Gaza fighters now using tank-piercing missiles

Author: 
AMY TEIBEL | AP
Publication Date: 
Thu, 2010-12-23 00:50

Violence has been escalating along the Gaza border in recent weeks, and Israel's military chief disclosed Tuesday that fighters from the Palestinian coastal strip had for the first time fired a Kornet missile earlier this month and that it penetrated an Israeli tank.
Gaza's Hamas rulers have not confirmed or denied possessing the missiles.
Israeli officials say the Gaza fighters who once relied on crude, locally made projectiles, have steadily acquired more powerful and accurate missiles produced overseas.
The Israeli defense officials, speaking on condition of anonymity because they were not authorized to discuss such matters publicly, alleged the laser-guided Kornet had come from Iran. They provided no proof and it was not clear how the missiles were delivered. Hamas, which has close ties with Iran, controls a network of smuggling tunnels along Gaza's southern border with Egypt.
"We are talking about a powerful missile, one of the most dangerous in the battlefield," Lt. Gen. Gabi Ashkenazi told a parliamentary committee Tuesday.
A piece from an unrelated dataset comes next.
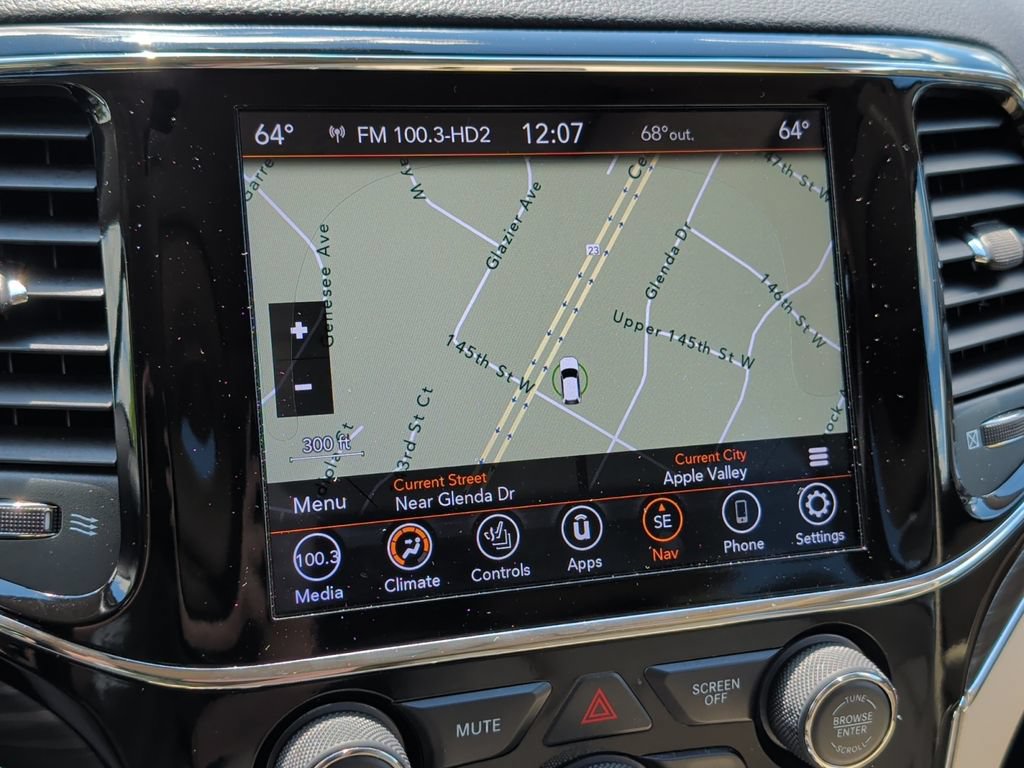 Used 2020 Jeep Grand Cherokee Limited AWD/4WD image 19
He added the missile did not explode inside the tank, and no one was hurt.
But after this attack, the military decided to move to the Gaza border dozens of tanks equipped with the Israel-developed "Trophy" system, which detects incoming projectiles and shoots them down before they reach armored vehicles.
Production of the Trophy was stepped up after Kornet missiles fired by Hezbollah destroyed or damaged several dozens Israeli tanks during a 2006 war.
The Trophy has not yet been tried on the battlefield, though the Defense Ministry says it has been tested successfully against a variety of weapons, including Kornets.
The Kornet — made in Russia and sold widely overseas — is the most advanced weapon believed to be in the hands of Gaza fighters. In use since the mid-1990s, it is capable of penetrating armor up to four feet (1,200 mm) thick and has a range of about almost 5.5 km. It carries a warhead of 22 pounds (10 kg).
Because it was designed to puncture multiple layers of armor, "this missile knows how to penetrate modern tanks," said Yaakov Amidror, a retired Israeli general.
"It is a very accurate missile. That means our tanks that enter Gaza or move along the Gaza border are in much greater danger."
Amidror added. "The military will have to move more quickly than it expected to bring in tanks with anti-tank cover that intercepts incoming missiles. That's the Trophy."
Israeli media have said the cost of deploying the Trophy is about $200,000 per tank. The Defense Ministry company that produces the system would say only that the price is a "small fraction" of a tank's overall cost.
The US and Russia are developing similar systems, but the Israeli one is believed to be the first to be deployed on the battlefield.